Leon Wieseltier's self-published remarks opening a conference of intellectuals that he and the historian Timothy Snyder have assembled in Kiev (the text is in The New Republic, where Wieseltier is literary editor) almost beg for Karl Marx's observation:

"Hegel remarks somewhere that all great world-historic facts and personages appear, so to speak, twice. He forgot to add: the first time as tragedy, the second time as farce."


Here is Wieseltier, presenting himself farcically as just such a world-historic personage:

"Last March, as I watched the progress of Putin's imperialism beyond his borders and fascism within his borders, I ruefully remarked to Frank Foer" -- New Republic editor and author of How Soccer Explains the World -- "that the moment reminded me of what I used to call my Congress for Cultural Freedom-envy -- my somewhat facile but nonetheless sincere regret at having been born too late to participate in the struggle of Western intellectuals, some of whom became my teachers and my heroes, against the Stalinist assault on democracy in Europe. And all of a sudden, pondering the Russian aggression in Crimea, and the Russian campaign of destabilization in Ukraine, I realized that I had exaggerated my belatedness. I was not born too late at all."

"Our time is not lacking for fundamental historical challenges and the obligation to choose sides. Passivity -- even sympathetic passivity -- in the face of a war on freedom is as inadequate now as it was then. So I exclaimed to my friend, 'But this is 1950!' As our predecessors went to Berlin, so we would go to Kiev. We contacted our comrade Timothy Snyder, whose eloquence about Ukraine has been fully the equal of his scholarship, and I proposed this event. Tim kindled instantly to the idea, and, with his extraordinary colleagues in Vienna and Kiev, we made a plan. And here we are."

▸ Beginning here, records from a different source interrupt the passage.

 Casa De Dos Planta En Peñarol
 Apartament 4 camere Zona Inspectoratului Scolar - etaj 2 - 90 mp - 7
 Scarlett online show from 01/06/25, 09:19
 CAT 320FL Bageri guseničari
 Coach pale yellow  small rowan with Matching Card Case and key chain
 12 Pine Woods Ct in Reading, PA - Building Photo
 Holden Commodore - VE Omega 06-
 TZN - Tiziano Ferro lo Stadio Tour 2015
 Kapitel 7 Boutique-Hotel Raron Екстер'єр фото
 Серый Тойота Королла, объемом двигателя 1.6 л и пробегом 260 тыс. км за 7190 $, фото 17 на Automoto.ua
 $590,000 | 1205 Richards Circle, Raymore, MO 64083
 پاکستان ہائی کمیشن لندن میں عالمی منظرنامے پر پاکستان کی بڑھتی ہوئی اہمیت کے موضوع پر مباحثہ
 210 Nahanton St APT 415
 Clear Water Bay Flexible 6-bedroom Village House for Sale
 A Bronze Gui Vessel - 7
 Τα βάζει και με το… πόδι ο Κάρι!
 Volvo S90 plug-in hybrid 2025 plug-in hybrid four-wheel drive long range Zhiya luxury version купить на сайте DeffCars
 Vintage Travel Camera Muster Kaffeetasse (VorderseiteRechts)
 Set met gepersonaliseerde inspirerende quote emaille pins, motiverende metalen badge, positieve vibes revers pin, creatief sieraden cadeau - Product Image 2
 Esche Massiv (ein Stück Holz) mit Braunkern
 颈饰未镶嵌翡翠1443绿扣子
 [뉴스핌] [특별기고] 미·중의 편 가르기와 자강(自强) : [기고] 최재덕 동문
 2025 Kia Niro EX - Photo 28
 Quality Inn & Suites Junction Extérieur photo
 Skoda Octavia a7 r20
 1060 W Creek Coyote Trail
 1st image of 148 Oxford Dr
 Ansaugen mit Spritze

Not only that, "Here in Kiev, you are not only clarifying yourselves, you are clarifying us." Excuse me, but this sounds a little like: "But enough about me. Let's talk about what you think about me." What a strange way to open a conference -- not with realism, or brave resistance, but with a politics of self-affirmation through moral posturing.

After gifting himself to Ukrainians, Wieseltier announces that "We bring not meals ready to eat but words ready to be heard and ideas ready to be pondered." He then invites his grateful listeners to ponder the peculiar nature of his own dismay "that the United States and its European allies are not inclined now toward a geopolitical struggle that would in any way resemble the Cold War, which many Westerners regard as a dark and cautionary tale. I am not one of those Westerners: Unlike many American liberals, among whom I otherwise count myself, I regard the Cold War as a mottled tale of glory, because it ended in the defeat and the disappearance of the Soviet Union, which was indeed (for American liberals this is a heretical prooftext) what Ronald Reagan said it was -- an evil empire."